### Assigned task
Reproduce word for word the lines from the beginning of the entries to the line with "20pcs/lot Flower Sea", both included, but none of the pictures.

+++ Input

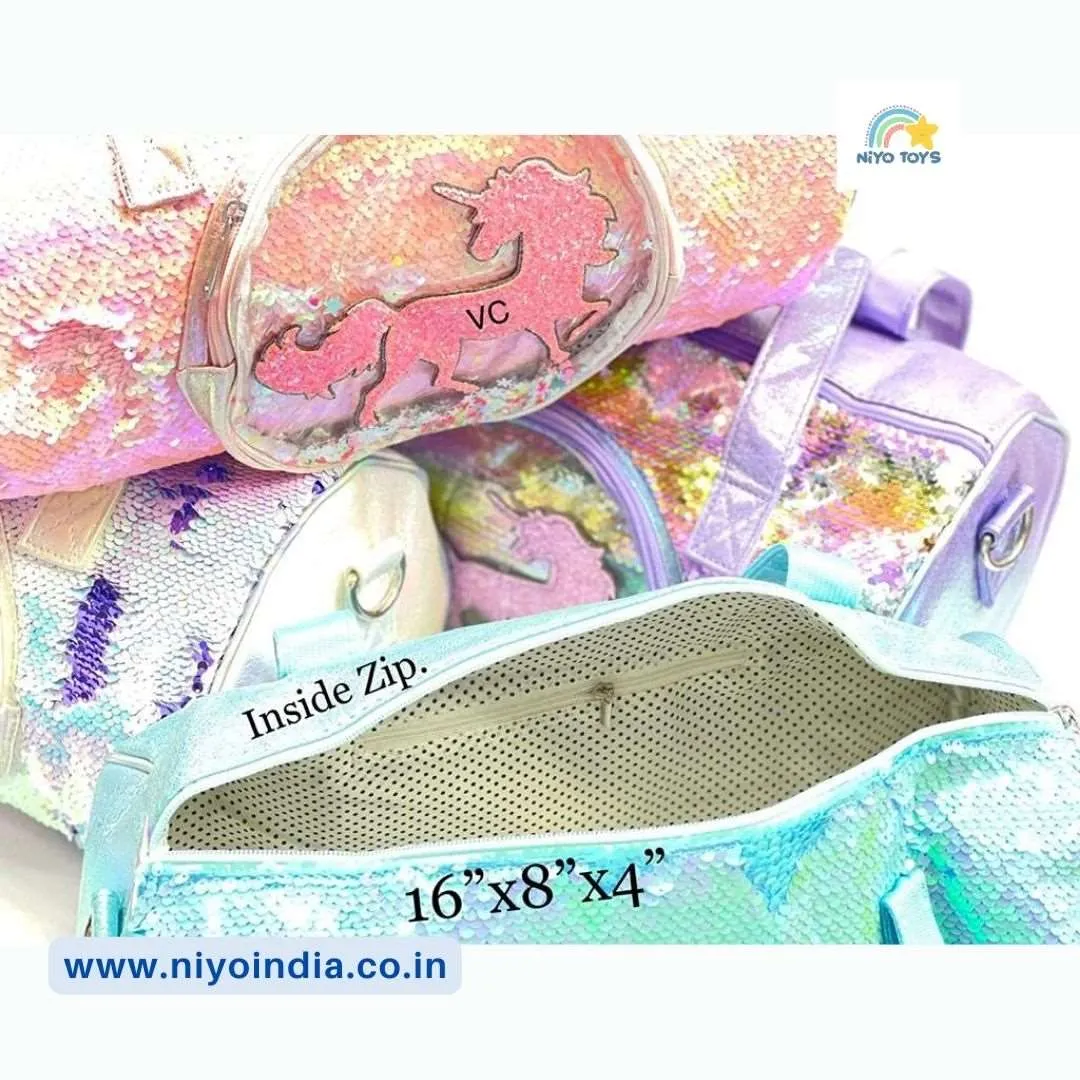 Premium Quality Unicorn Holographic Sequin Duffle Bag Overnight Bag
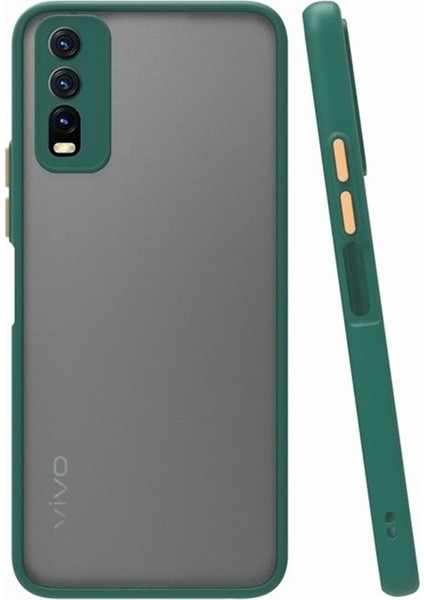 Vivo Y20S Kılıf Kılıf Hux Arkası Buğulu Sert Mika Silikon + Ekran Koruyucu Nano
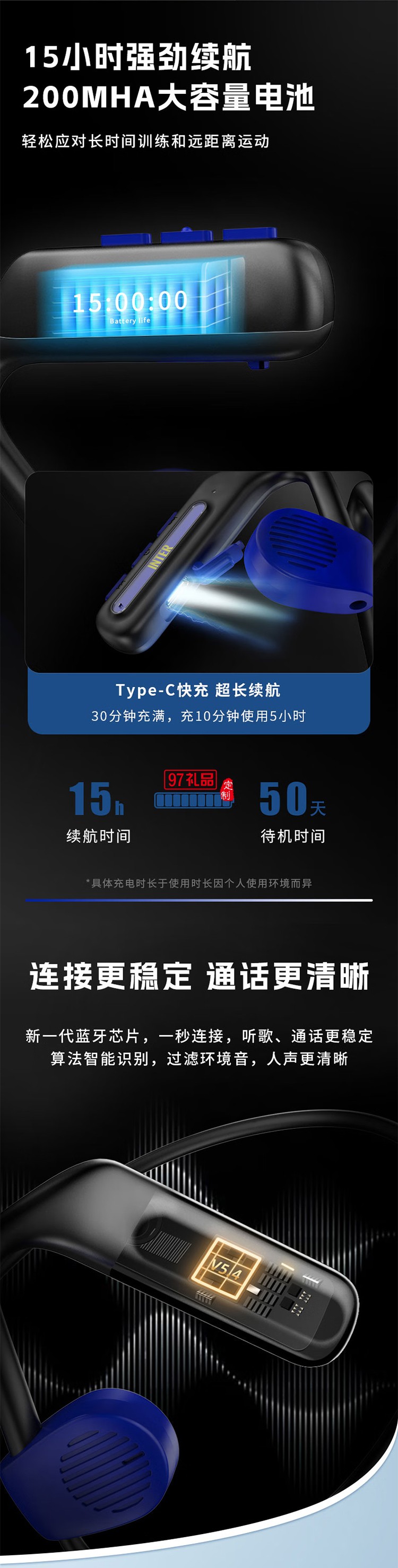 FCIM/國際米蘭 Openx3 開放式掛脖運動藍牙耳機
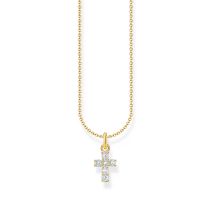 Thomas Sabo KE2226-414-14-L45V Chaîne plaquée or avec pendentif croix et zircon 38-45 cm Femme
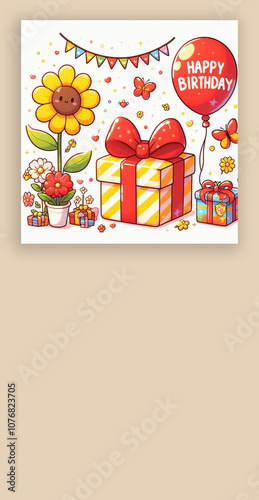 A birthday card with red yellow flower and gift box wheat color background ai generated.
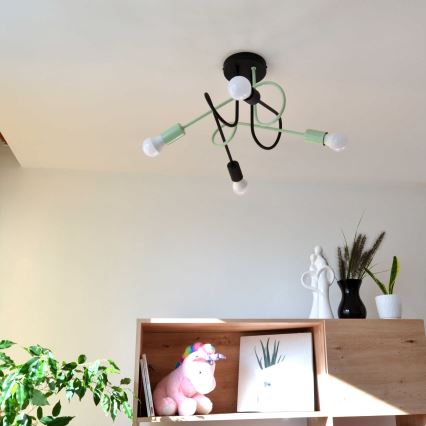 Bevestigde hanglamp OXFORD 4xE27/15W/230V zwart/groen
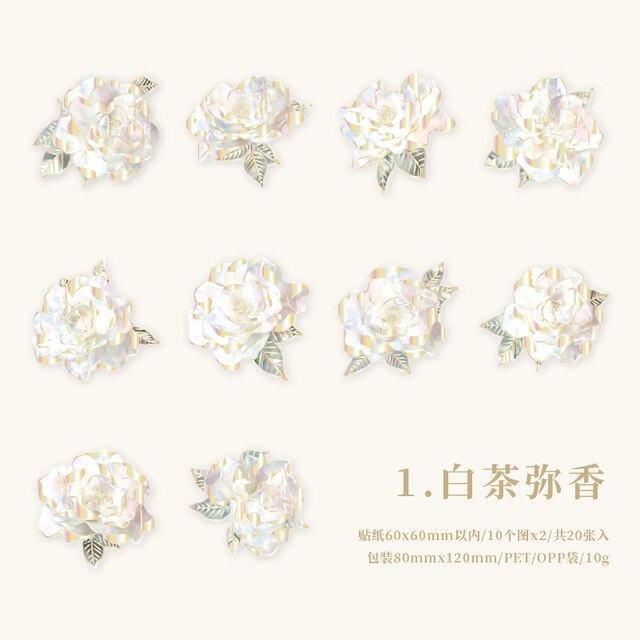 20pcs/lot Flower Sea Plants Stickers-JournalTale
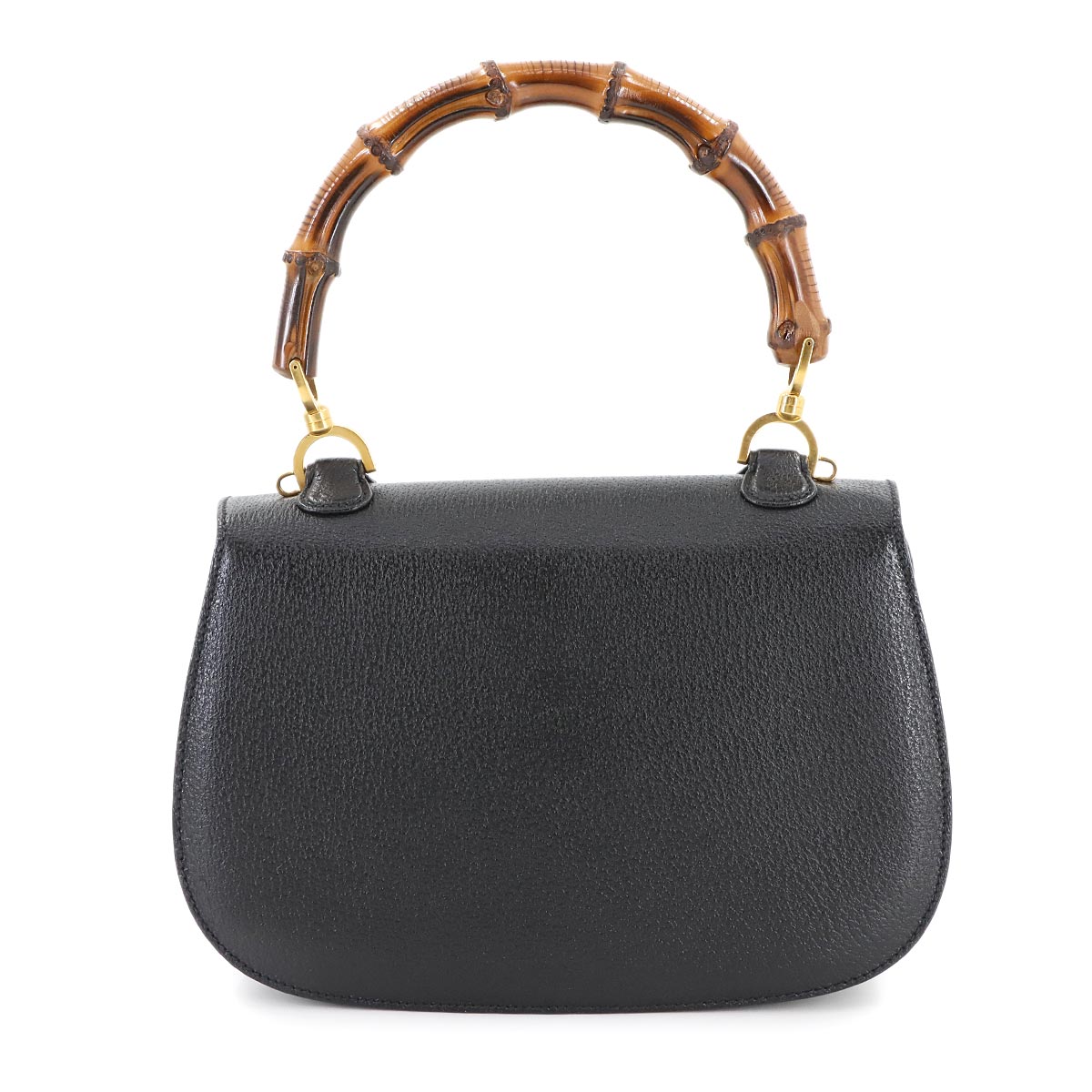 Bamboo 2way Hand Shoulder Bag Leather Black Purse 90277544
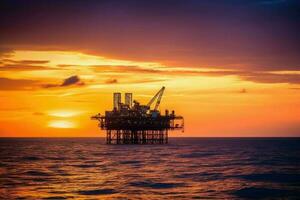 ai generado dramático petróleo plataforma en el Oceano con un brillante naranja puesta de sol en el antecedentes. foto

++++++

### Output for this task
 Premium Quality Unicorn Holographic Sequin Duffle Bag Overnight Bag
 Vivo Y20S Kılıf Kılıf Hux Arkası Buğulu Sert Mika Silikon + Ekran Koruyucu Nano
 FCIM/國際米蘭 Openx3 開放式掛脖運動藍牙耳機
 Thomas Sabo KE2226-414-14-L45V Chaîne plaquée or avec pendentif croix et zircon 38-45 cm Femme
 A birthday card with red yellow flower and gift box wheat color background ai generated.
 Bevestigde hanglamp OXFORD 4xE27/15W/230V zwart/groen
 20pcs/lot Flower Sea Plants Stickers-JournalTale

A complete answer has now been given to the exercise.